Scraped caption text data.
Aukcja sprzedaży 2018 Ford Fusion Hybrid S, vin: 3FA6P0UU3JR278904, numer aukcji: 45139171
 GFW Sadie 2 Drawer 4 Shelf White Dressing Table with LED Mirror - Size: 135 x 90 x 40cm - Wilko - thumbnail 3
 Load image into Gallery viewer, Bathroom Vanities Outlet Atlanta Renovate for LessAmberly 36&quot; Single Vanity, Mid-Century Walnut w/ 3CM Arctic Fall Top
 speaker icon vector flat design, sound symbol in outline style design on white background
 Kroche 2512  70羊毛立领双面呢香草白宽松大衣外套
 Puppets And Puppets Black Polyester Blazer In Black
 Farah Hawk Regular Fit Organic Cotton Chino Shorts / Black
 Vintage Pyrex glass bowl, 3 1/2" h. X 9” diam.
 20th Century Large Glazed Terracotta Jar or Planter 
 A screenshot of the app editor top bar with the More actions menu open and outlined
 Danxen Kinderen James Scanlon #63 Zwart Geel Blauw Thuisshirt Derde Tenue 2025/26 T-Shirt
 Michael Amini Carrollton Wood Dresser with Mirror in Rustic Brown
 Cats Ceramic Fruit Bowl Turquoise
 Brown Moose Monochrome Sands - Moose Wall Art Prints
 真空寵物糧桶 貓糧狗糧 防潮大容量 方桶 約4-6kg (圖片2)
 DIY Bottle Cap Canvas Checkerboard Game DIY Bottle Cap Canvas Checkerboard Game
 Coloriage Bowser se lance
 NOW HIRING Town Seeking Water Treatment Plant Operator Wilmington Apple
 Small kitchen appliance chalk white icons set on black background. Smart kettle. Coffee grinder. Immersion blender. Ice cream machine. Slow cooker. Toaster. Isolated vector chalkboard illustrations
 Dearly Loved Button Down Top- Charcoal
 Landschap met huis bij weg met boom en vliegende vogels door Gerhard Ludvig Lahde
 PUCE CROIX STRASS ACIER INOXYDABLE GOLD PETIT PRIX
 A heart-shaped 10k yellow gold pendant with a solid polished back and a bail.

Exercise description. Above are the entries. Copy exactly the part that opens with the line containing "Cats Ceramic Fruit Bowl Turquoise" and closes with the line containing "NOW HIRING Town", and no more.

Your solution.
 Cats Ceramic Fruit Bowl Turquoise
 Brown Moose Monochrome Sands - Moose Wall Art Prints
 真空寵物糧桶 貓糧狗糧 防潮大容量 方桶 約4-6kg (圖片2)
 DIY Bottle Cap Canvas Checkerboard Game DIY Bottle Cap Canvas Checkerboard Game
 Coloriage Bowser se lance
 NOW HIRING Town Seeking Water Treatment Plant Operator Wilmington Apple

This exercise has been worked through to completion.